Disparitions forcées
Les recherches menées par Amnesty International semblent indiquer clairement que des centaines de personnes arrêtées par les forces de sécurité camerounaises dans l’Extrême-Nord ont été victimes de disparitions forcées, dont au moins deux cents habitants des villages de Magdeme et de Doublé, arrêtés en décembre 2014 lors d’une opération de ratissage. La gendarmerie, l’armée, le BIR et la police sont tous impliqués.
En plus des personnes toujours portées disparues, Amnesty International a également recensé et examiné d’autres cas de personnes arrêtées dont les familles ont longtemps ignoré le sort.

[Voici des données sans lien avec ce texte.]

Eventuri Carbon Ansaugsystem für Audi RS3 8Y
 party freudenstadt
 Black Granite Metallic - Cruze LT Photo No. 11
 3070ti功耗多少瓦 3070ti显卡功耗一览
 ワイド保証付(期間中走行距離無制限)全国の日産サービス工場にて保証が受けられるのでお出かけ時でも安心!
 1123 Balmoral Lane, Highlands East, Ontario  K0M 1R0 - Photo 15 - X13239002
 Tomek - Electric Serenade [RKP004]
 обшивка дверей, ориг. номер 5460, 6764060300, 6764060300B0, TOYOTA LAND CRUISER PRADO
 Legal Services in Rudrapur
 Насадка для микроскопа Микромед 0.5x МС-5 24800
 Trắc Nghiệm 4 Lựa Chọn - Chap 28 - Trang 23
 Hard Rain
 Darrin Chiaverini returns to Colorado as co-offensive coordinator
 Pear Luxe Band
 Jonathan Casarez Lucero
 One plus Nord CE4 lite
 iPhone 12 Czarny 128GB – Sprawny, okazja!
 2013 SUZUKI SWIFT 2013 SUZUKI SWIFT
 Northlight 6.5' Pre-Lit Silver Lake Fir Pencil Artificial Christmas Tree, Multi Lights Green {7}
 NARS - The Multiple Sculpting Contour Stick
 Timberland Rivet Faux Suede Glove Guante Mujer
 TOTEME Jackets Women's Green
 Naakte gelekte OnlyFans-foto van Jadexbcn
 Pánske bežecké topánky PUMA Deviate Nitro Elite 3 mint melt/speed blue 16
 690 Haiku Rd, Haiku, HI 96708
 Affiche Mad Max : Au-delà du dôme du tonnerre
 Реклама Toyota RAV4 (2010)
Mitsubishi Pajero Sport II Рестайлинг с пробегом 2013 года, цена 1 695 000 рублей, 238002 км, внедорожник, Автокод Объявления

L’un de ces cas concerne l’arrestation d’au moins 24 personnes au marché de Maroua lors d’une seule opération, en juin 2014. Les proches interrogés par Amnesty International en mai 2015 n’avaient toujours aucune nouvelle, malgré leurs demandes auprès des autorités. Ce n’est que parce qu’Amnesty International a pris en charge ces cas que les personnes arrêtées ont pu être localisées en juillet 2015. Elles étaient détenues à Yaoundé, la capitale du pays, et ont été ensuite transférées à Maroua.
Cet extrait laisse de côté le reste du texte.